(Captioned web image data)

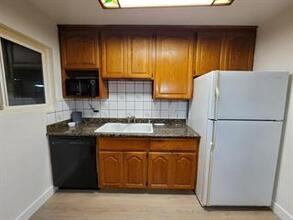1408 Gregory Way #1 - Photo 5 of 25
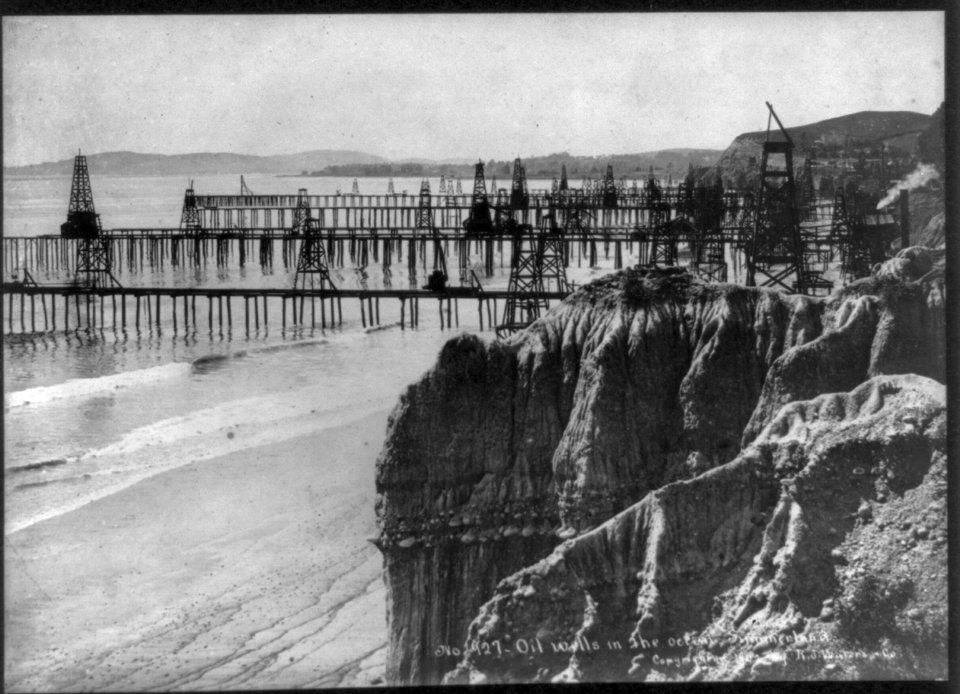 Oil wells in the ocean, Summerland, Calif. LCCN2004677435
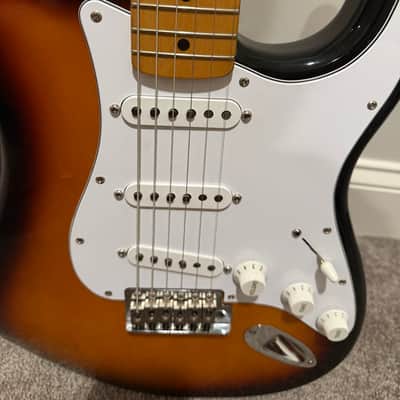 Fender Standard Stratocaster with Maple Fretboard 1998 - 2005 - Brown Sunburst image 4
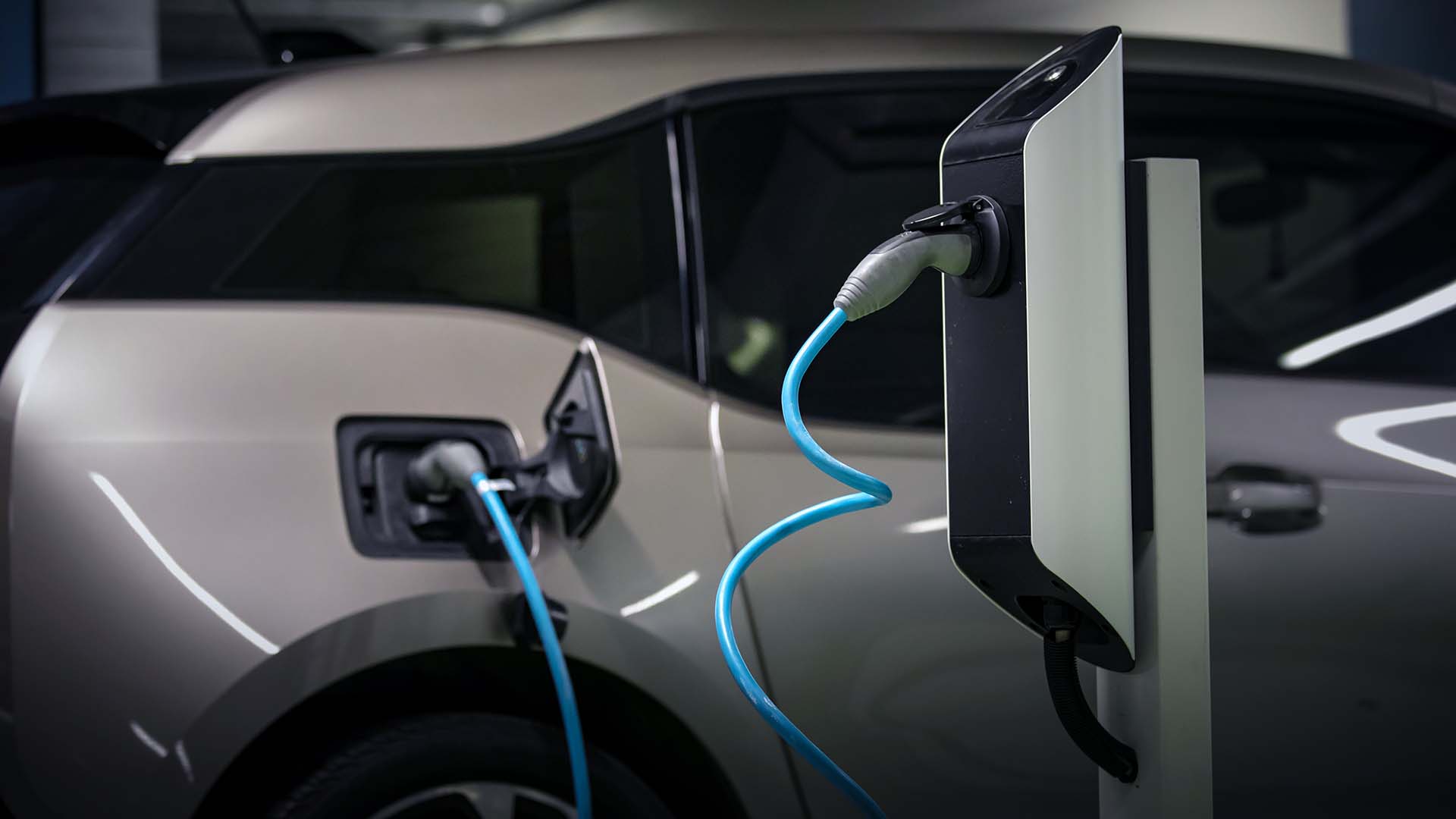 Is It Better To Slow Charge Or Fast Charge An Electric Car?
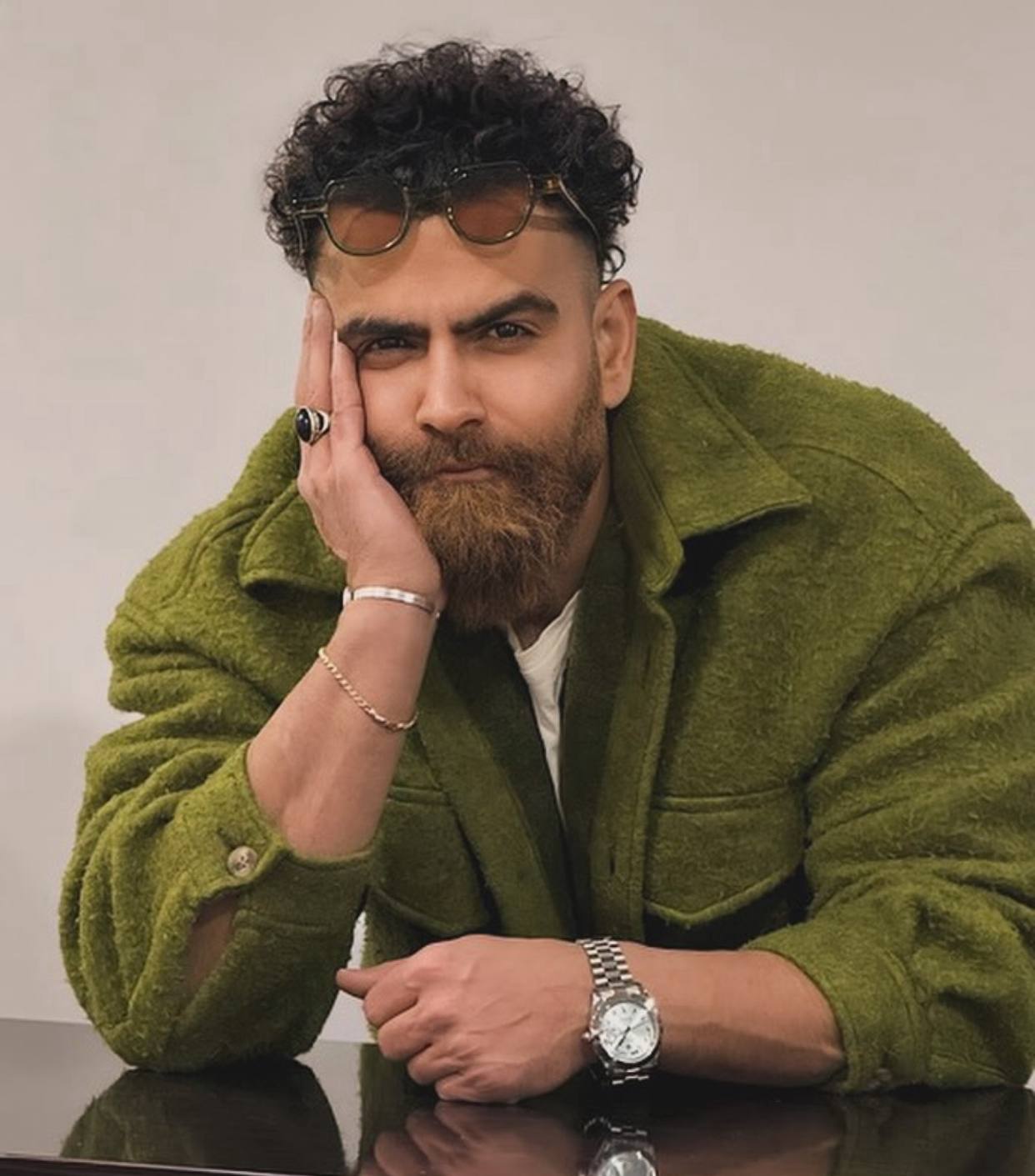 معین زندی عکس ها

▶ Task description
What should appear is an exact copy of the lines from the one containing "Fender Standard Stratocaster" through the last line of the records above, pictures excluded.

▶ Answer to this task
 Fender Standard Stratocaster with Maple Fretboard 1998 - 2005 - Brown Sunburst image 4
 Is It Better To Slow Charge Or Fast Charge An Electric Car?
 معین زندی عکس ها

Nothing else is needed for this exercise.